Returns the epsilon residuals for the variogram fit.
Returns the Q1, Q2, and cR statistics for the variogram fit (in that order).
Plots the epsilon residuals for the variogram fit.
Prints out the Q1, Q2, and cR statistics for the variogram fit.
Enables/disable variogram plot display.
Enables/disables program text output.
update_variogram_model
(variogram_model[, ...])Changes the variogram model and variogram parameters for the kriging system.
- execute(style, xpoints, ypoints, zpoints, mask=None, backend='vectorized', specified_drift_arrays=None)[source]
Calculates a kriged grid and the associated variance.
This is now the method that performs the main kriging calculation. Note that currently measurements (i.e., z values) are considered ‘exact’. This means that, when a specified coordinate for interpolation is exactly the same as one of the data points, the variogram evaluated at the point is forced to be zero. Also, the diagonal of the kriging matrix is also always forced to be zero. In forcing the variogram evaluated at data points to be zero, we are effectively saying that there is no variance at that point (no uncertainty, so the value is ‘exact’).
In the future, the code may include an extra ‘exact_values’ boolean flag that can be adjusted to specify whether to treat the measurements as ‘exact’. Setting the flag to false would indicate that the variogram should not be forced to be zero at zero distance (i.e., when evaluated at data points). Instead, the uncertainty in the point will be equal to the nugget. This would mean that the diagonal of the kriging matrix would be set to the nugget instead of to zero.
- Parameters
style (str) – Specifies how to treat input kriging points. Specifying ‘grid’ treats xpoints, ypoints, and zpoints as arrays of x, y, and z coordinates that define a rectangular grid. Specifying ‘points’ treats xpoints, ypoints, and zpoints as arrays that provide coordinates at which to solve the kriging system.
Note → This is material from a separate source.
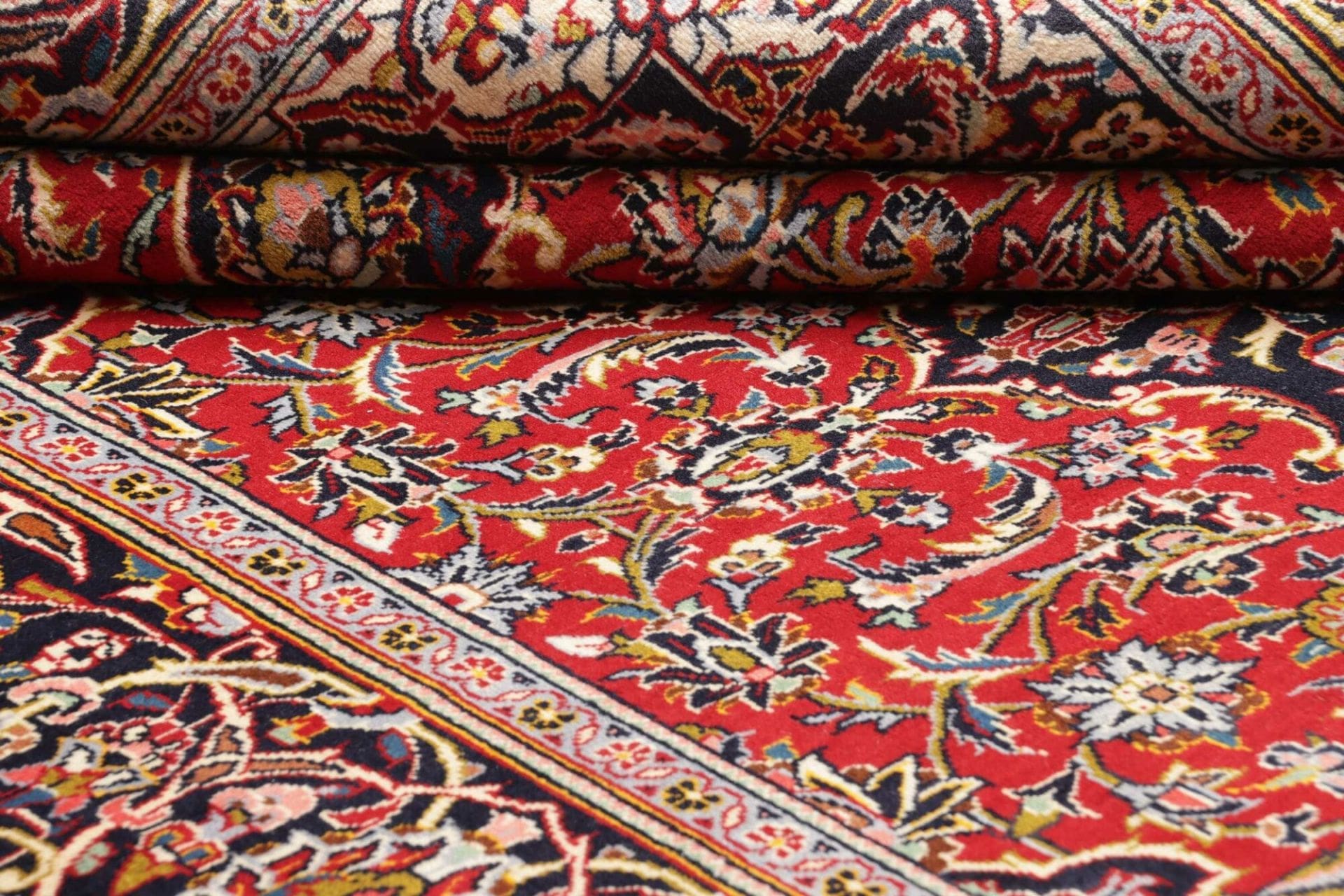 Kashan Perserteppich aus Iran, 218 × 308 cm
Specifying ‘masked’ treats xpoints, ypoints, and zpoints as arrays of x, y, and z coordinates that define a rectangular grid and uses mask to only evaluate specific points in the grid.
xpoints (array_like, shape (N,) or (N, 1)) – If style is specific as ‘grid’ or ‘masked’, x-coordinates of LxMxN grid. If style is specified as ‘points’, x-coordinates of specific points at which to solve kriging system.
ypoints (array_like, shape (M,) or (M, 1)) – If style is specified as ‘grid’ or ‘masked’, y-coordinates of LxMxN grid. If style is specified as ‘points’, y-coordinates of specific points at which to solve kriging system. Note that in this case, xpoints, ypoints, and zpoints must have the same dimensions (i.e., L = M = N).
zpoints (array_like, shape (L,) or (L, 1)) – If style is specified as ‘grid’ or ‘masked’, z-coordinates of LxMxN grid. If style is specified as ‘points’, z-coordinates of specific points at which to solve kriging system. Note that in this case, xpoints, ypoints, and zpoints must have the same dimensions (i.e., L = M = N).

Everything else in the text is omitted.